The code is organized so that it is as little model-dependent as possible. The architecture.py file contains all the model-specific modules corresponding to the model and its architecture, while the model.py file contains all the routines required for the training, evaluation and scoring of the model and is somewhat model-specific. This implies that these are the main two files that need to be tampered with in case another model is to be used in the future. The utils.py file contains some generic utilities for model training, evaluation, as well as thresholding.

📌 Thresholding

The purpose of an Anomaly Detection model is to yield anomaly scores for every timestamp contained in a time-series which is inserted for inference. Regardless of the underlying model, proper thresholding methods need to be applied so that an optimal threshold is chosen in order to differentiate between anomalous and non-anomalous points. In the present implementation, four different thresholding approaches are followed:

• Peaks Over Thresholds (POT) (see spot.py file, as well as the pot_threshold() function in the utilities file), as explained in this paper.

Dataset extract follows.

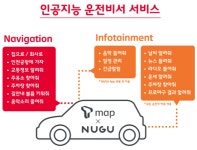 SK텔레콤, 1천만 이용 T맵에 인공지능 누구 첫 탑재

• Dynamic Error Thresholding (epsilon) (see the find_epsilon function in the utilities file), as explained in this paper.

• Brute Force F1 (BF-F1), which is a brute-force method of finding the threshold that maximizes the F1 Score of the model's predictions on the evaluation dataset.

• Brute Force on Point-Adjusted F1 (BF-F1-PA), which is a brute-force method of finding the threshold that maximizes the Point-Adjusted F1 Score of the model's predictions on the evaluation dataset.

📌 MLflow

In order to be able to integrate the model into a broader Data Pipeline and ensure good MLOps practices, MLflow's Tracking, Models and Model Registry components are used.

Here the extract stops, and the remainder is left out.